- Problem details: From first line to last, copy the listing exactly and omit its pictures.

- Data shown:
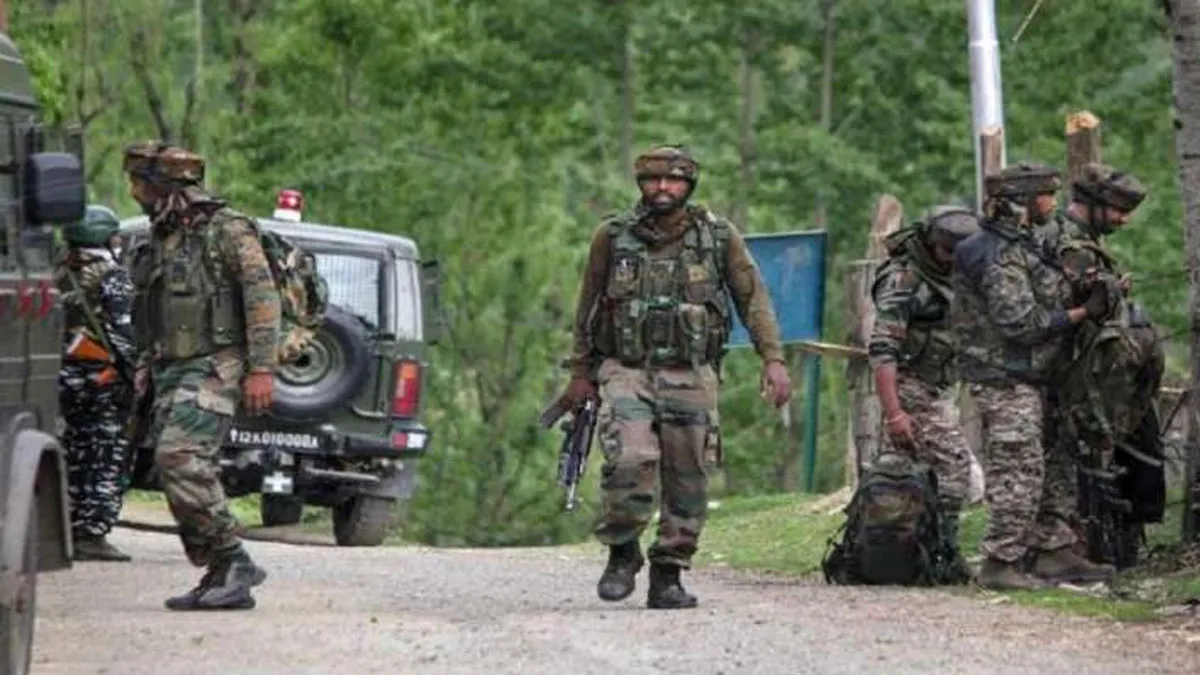 Four terrorists of proscribed terror outfit LeT were neutralised in the Shopian encounter- India TV Hindi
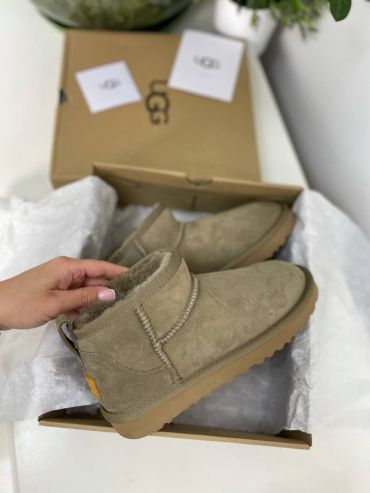 UGG Classic Mini 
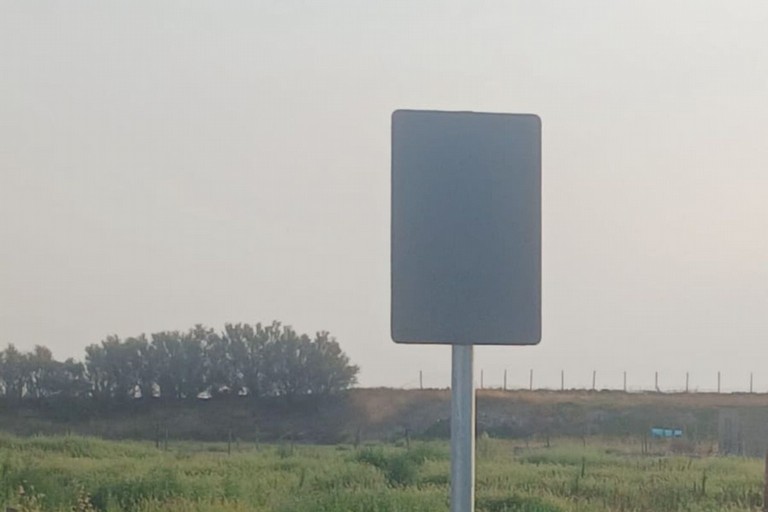Segnaletica vandalizzata in zona Orno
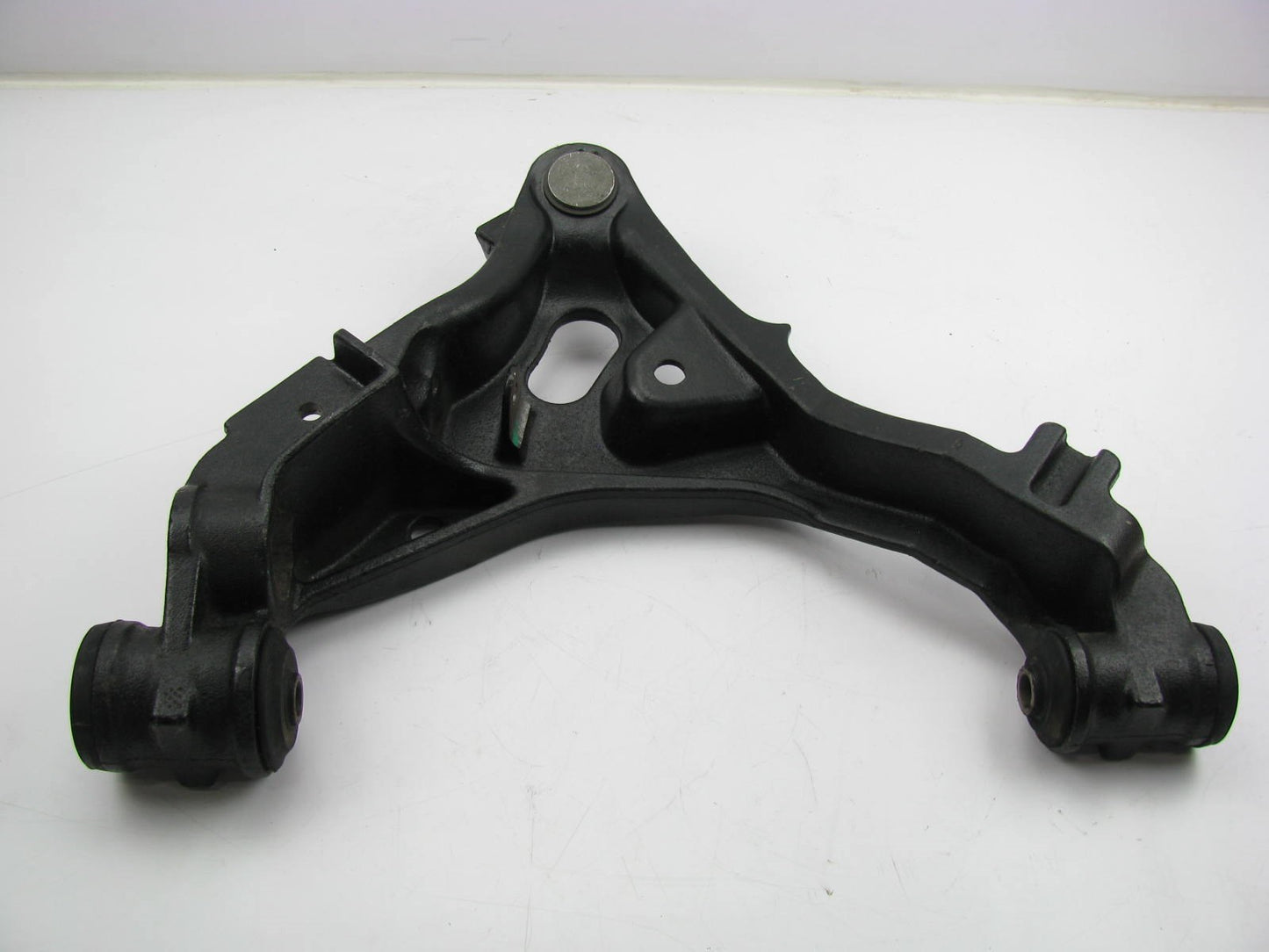 NEW OUT OF BOX OEM Ford Left Drivers Control Arm Ball Joint 97-03 F-150 F250 4WD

- Problem solution:
 Four terrorists of proscribed terror outfit LeT were neutralised in the Shopian encounter- India TV Hindi
 UGG Classic Mini 
Segnaletica vandalizzata in zona Orno
 NEW OUT OF BOX OEM Ford Left Drivers Control Arm Ball Joint 97-03 F-150 F250 4WD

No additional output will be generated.